• Record set:

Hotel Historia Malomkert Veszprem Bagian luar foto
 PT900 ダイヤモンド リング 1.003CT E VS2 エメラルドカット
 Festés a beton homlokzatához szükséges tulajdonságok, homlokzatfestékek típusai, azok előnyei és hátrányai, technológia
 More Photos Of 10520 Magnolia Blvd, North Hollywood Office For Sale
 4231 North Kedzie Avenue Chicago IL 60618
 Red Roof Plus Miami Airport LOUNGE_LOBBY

• About this exercise: Each of the records is to be written out again exactly.

• Exercise result:
Hotel Historia Malomkert Veszprem Bagian luar foto
 PT900 ダイヤモンド リング 1.003CT E VS2 エメラルドカット
 Festés a beton homlokzatához szükséges tulajdonságok, homlokzatfestékek típusai, azok előnyei és hátrányai, technológia
 More Photos Of 10520 Magnolia Blvd, North Hollywood Office For Sale
 4231 North Kedzie Avenue Chicago IL 60618
 Red Roof Plus Miami Airport LOUNGE_LOBBY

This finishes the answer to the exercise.